[Opening Task material section]
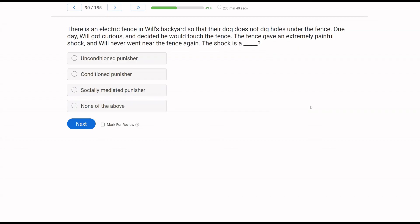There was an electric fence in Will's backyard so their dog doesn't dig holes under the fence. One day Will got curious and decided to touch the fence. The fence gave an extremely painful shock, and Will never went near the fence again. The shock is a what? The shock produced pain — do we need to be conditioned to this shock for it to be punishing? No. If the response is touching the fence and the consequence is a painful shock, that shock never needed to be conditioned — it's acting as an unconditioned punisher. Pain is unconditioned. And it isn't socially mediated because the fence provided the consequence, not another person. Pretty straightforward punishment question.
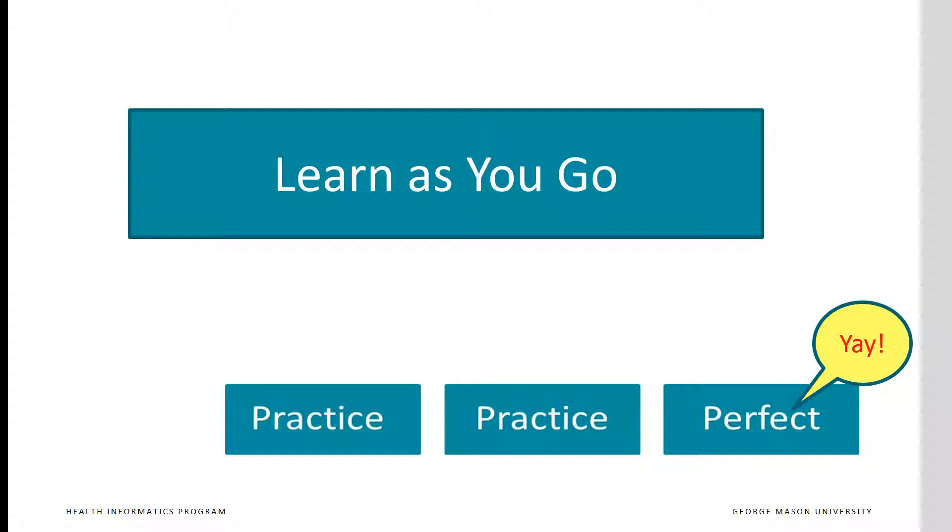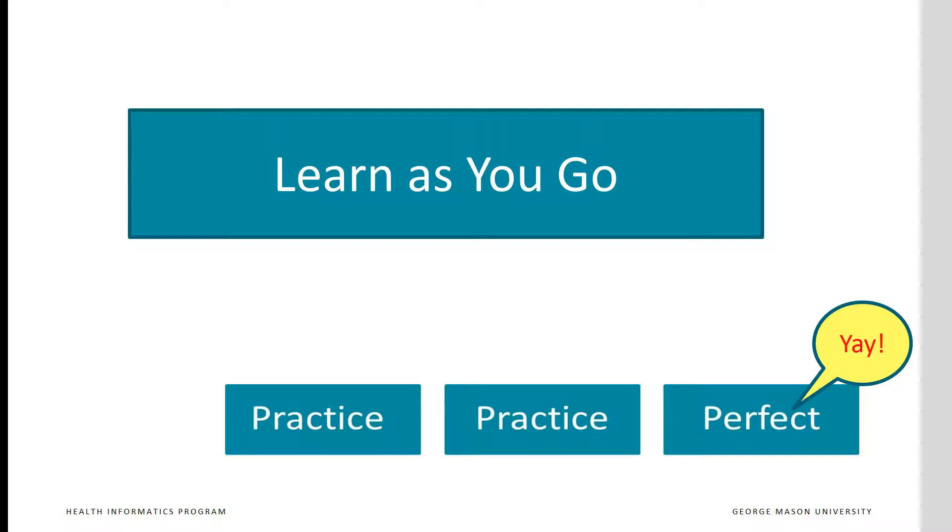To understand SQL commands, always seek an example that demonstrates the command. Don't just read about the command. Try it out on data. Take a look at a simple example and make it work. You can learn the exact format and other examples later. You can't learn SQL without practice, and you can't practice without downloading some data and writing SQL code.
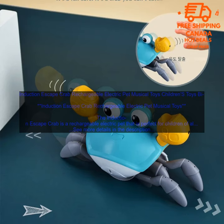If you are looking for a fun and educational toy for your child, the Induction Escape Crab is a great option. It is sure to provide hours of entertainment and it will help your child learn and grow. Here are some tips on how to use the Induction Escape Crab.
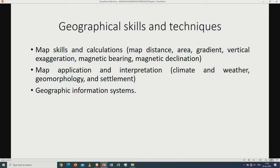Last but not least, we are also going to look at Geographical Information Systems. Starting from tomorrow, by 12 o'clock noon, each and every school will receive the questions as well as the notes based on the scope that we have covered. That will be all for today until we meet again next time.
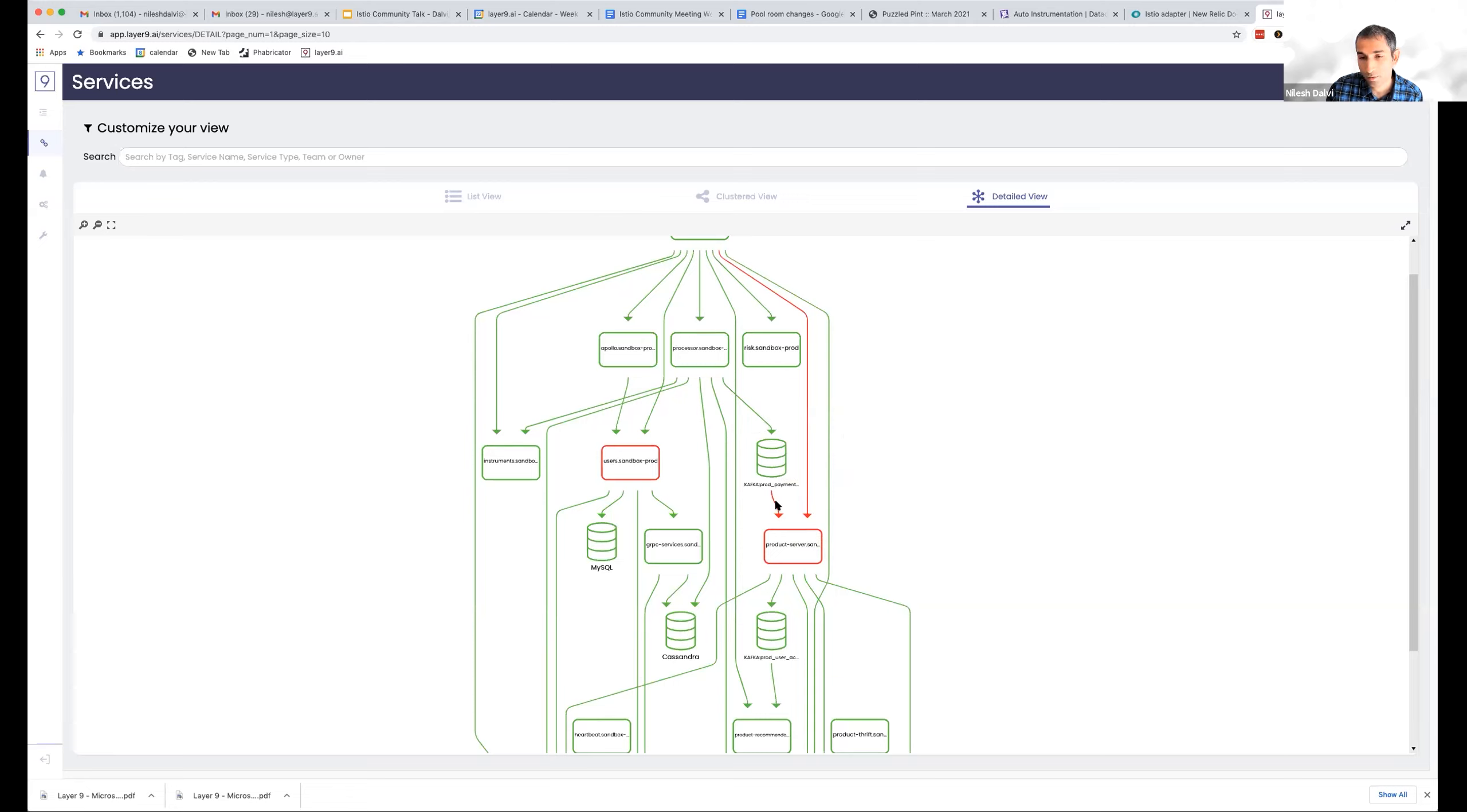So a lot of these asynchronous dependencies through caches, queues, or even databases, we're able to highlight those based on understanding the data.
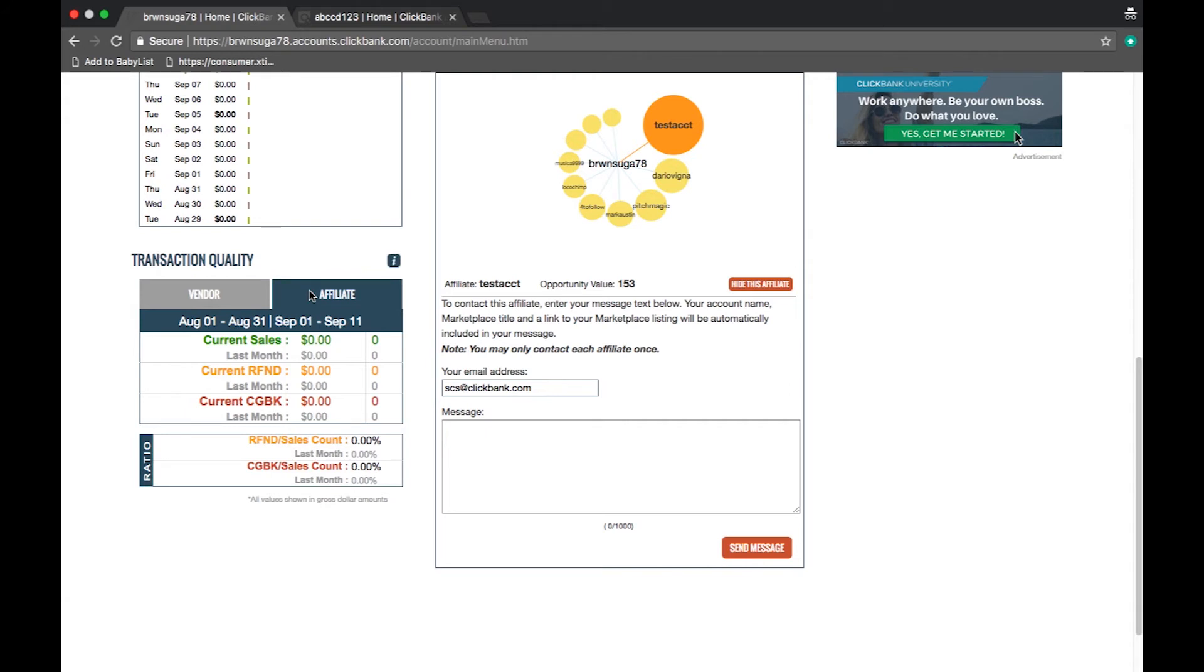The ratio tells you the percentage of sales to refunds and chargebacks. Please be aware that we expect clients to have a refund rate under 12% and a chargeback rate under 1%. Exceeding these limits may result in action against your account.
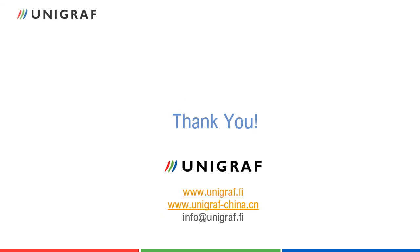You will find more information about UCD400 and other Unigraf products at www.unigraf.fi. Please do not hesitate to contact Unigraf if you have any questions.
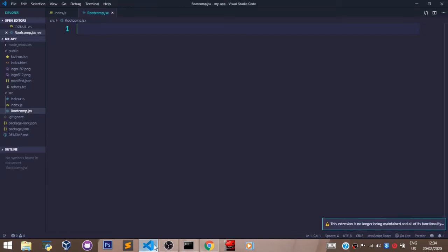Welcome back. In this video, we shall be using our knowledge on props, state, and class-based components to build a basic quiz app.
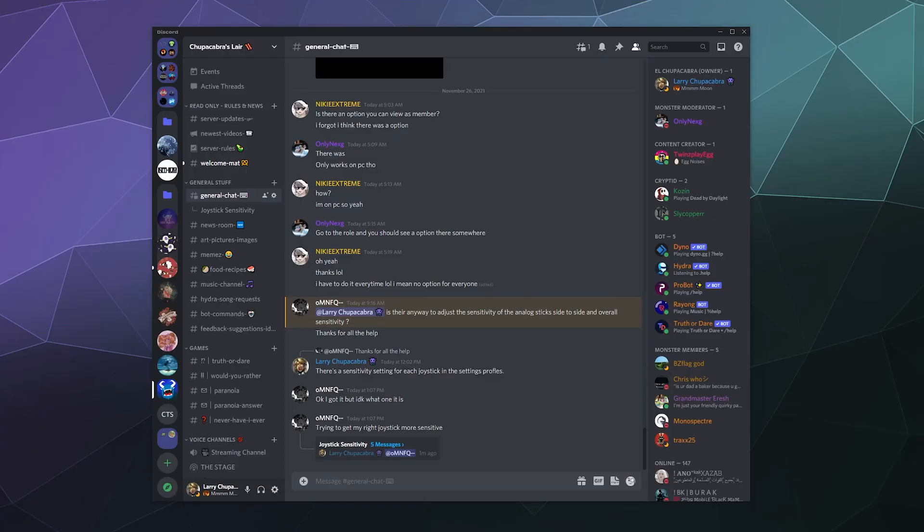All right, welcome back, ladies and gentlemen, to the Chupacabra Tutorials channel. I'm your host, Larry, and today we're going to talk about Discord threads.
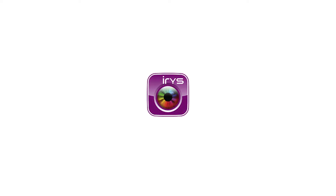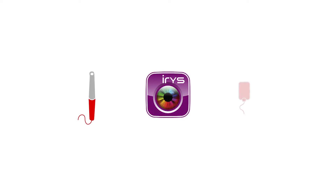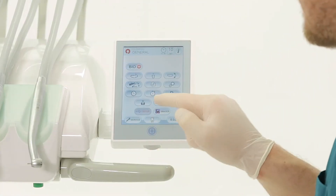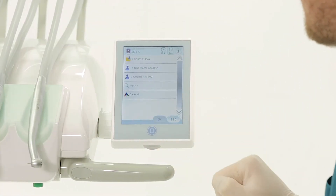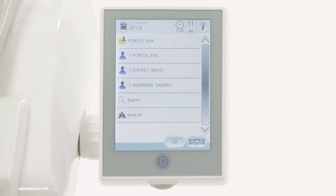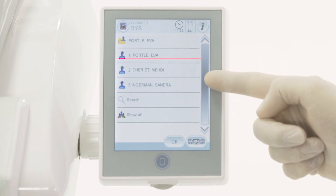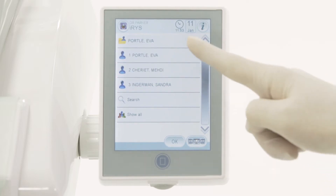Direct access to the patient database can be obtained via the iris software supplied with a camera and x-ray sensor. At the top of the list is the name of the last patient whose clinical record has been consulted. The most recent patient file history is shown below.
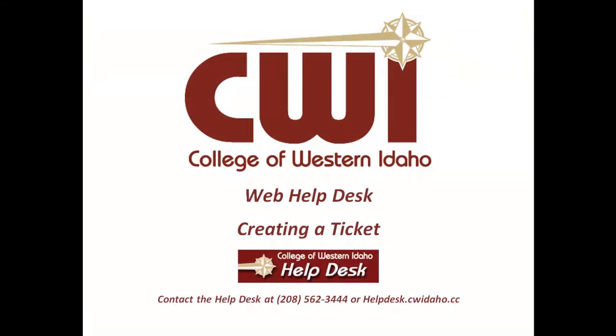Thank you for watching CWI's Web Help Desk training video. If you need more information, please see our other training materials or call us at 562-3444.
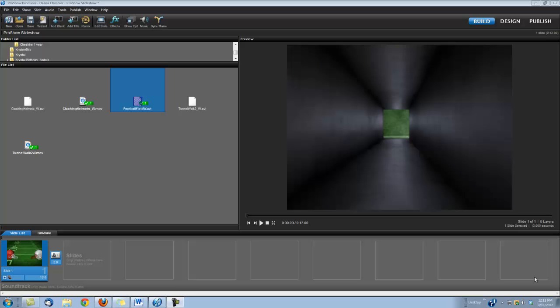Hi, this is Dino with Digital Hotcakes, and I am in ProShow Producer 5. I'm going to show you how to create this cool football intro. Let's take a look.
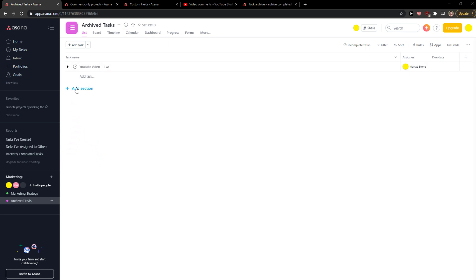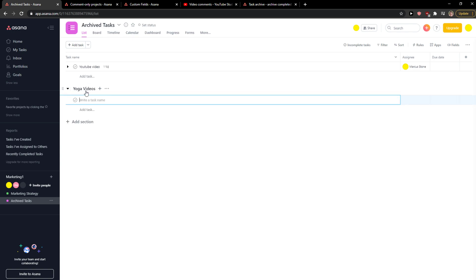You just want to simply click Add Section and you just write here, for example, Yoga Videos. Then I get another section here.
[Closing Task material section]
| About this exercise |
Set down exactly, from the line that contains "Direct access to" through the last line of the data, each line as it stands, and leave the pictures out.

| Expected answer |
Direct access to the patient database can be obtained via the iris software supplied with a camera and x-ray sensor. At the top of the list is the name of the last patient whose clinical record has been consulted. The most recent patient file history is shown below.
Thank you for watching CWI's Web Help Desk training video. If you need more information, please see our other training materials or call us at 562-3444.
Hi, this is Dino with Digital Hotcakes, and I am in ProShow Producer 5. I'm going to show you how to create this cool football intro. Let's take a look.
You just want to simply click Add Section and you just write here, for example, Yoga Videos. Then I get another section here.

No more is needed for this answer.